Le président russe a également déclaré que des pays comme les Etats-Unis et la France avaient cherché à accuser Assad pour l’attaque d’avril afin de justifier « devant la communauté internationale pourquoi il était nécessaire de continuer d’imposer des mesures pour faire pression sur Assad, notamment militairement. »

Poutine a ajouté qu’il avait proposé de mener une enquête sur l’attaque aux armes chimiques de Khan Cheikhoun, dans le nord de la Syrie, qui a fait plus de 80 morts, mais qu’il avait été repoussé par les pays occidentaux.

Le président français Emmanuel Macron, à gauche, et son homologue russe Vladimir Poutine au château de Versailles, le 29 mai 2017. (Crédit : François Mori/Pool/AFP)

Le président français Emmanuel Macron, à gauche, et son homologue russe Vladimir Poutine au château de Versailles, le 29 mai 2017. (Crédit : François Mori/Pool/AFP)

Le sujet de l’attaque au gaz toxique a été abordé lundi par Emmanuel Macron, le président français, pendant la rencontre entre les deux hommes à Versailles. Macron a déclaré que la France répondrait immédiatement à tout usage futur d’armes chimiques en Syrie.

« Une ligne rouge très claire existe de notre côté, l’utilisation d’armes chimiques par qui que ce soit », a dit Macron.

Malgré les démentis de la Syrie et de ses soutiens, la Russie et l’Iran, les Etats-Unis, la France et d’autres pays ont affirmé que les preuves montraient que le régime syrien était responsable de l’attaque chimique mortelle du 4 avril.

En avril, Jean-Marc Ayrault, alors ministre français des Affaires étrangères, avait indiqué que l’analyse des échantillons récoltés après l’attaque au gaz sarin en Syrie « porte la signature » du gouvernement Assad, et montre qu’il est responsable de l’attaque mortelle.

Le sarin prélevé à Khan Cheikhoun a été comparé avec des prélèvements réalisés par la France après une attaque de 2013 imputée au régime à Saraqeb.

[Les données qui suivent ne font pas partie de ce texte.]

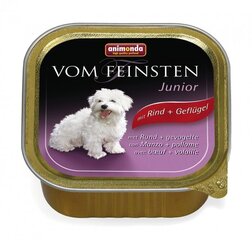 Animonda Vom Feinsten с говядиной и птицей, 150 г цена и информация | Консервы для собак | 220.lv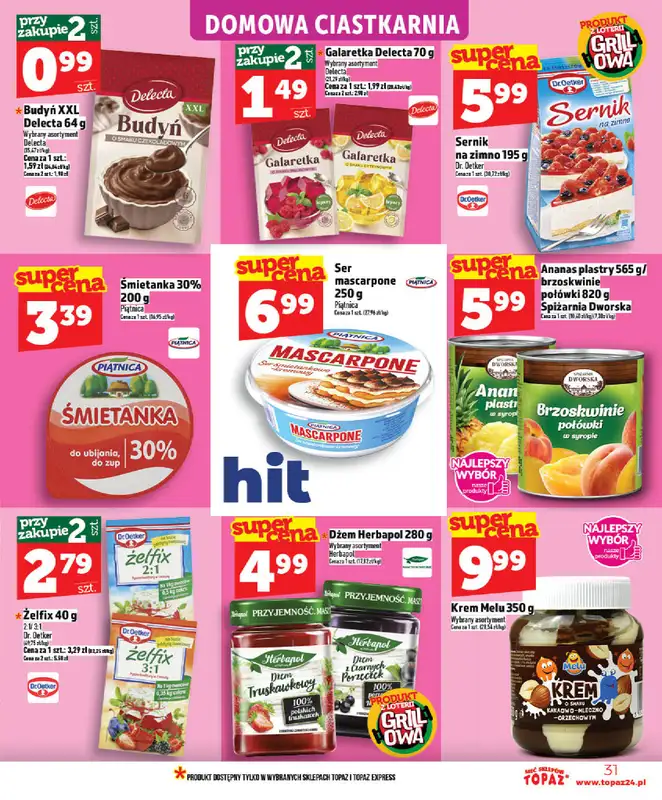 TOPAZ - gazetka promocyjna Od czwartku nowa gazetka, 07.05 od czwartku 07.05 do środy 13.05 - strona 31
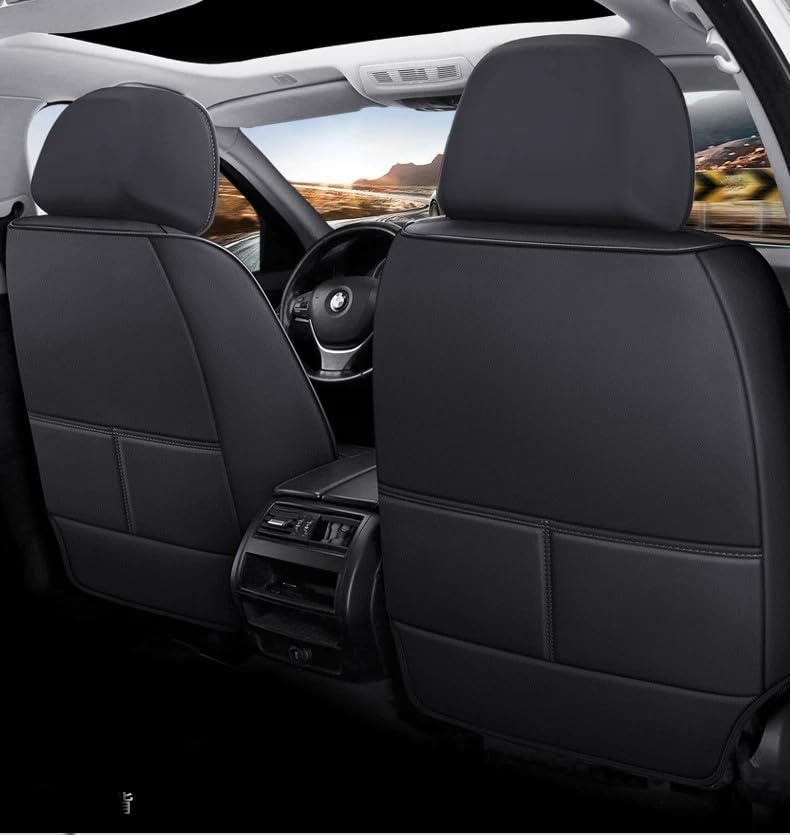 Custom Car Seat Covers for Mercedes Benz A B C CLA CLS CLK GLE GLS GLA GLK GL ML G S GLC SL CL SLC R SLK etc...Easy to Install car Cover (All Black A+) - color: All Black A+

Un Syrien collecte des échantillons sur le site d'une attaque au gaz toxique à Khan Cheikhoun, dans la province syrienne d'Idleb, le 5 avril 2017. (Crédit : Omar Haj Kadour/AFP)

Un Syrien collecte des échantillons sur le site d’une attaque au gaz toxique à Khan Cheikhoun, dans la province syrienne d’Idleb, le 5 avril 2017. (Crédit : Omar Haj Kadour/AFP)

La France avait récupéré une munition non explosée et en avait analysé le contenu.

« Nous sommes en mesure de confirmer que le sarin employé le 4 avril est le même sarin que celui qui a été employé dans une attaque intervenue à Saraqeb le 29 avril 2013 », avait déclaré Ayrault.

La France, dont les services ont « prouvé » cinq attaques au gaz sarin en Syrie depuis avril 2013, selon un décompte fourni avec le rapport, s’appuie sur des prélèvements sur place et analyses effectuées sur les victimes, selon une source diplomatique française.

Enfin, l’analyse du contexte militaire fait dire à la France que l’aviation du régime, et en particulier un chasseur bombardier Sukhoi 22 décollant de la base de Chayrat, a effectué des frappes aériennes sur la localité le 4 avril au matin. Seul le régime dispose de ces moyens aériens.

Le secrétaire américain à la Défense Jim Mattis avait lui aussi estimé qu’il n’y avait « pas de doute » que le régime avait conservé des armes chimiques.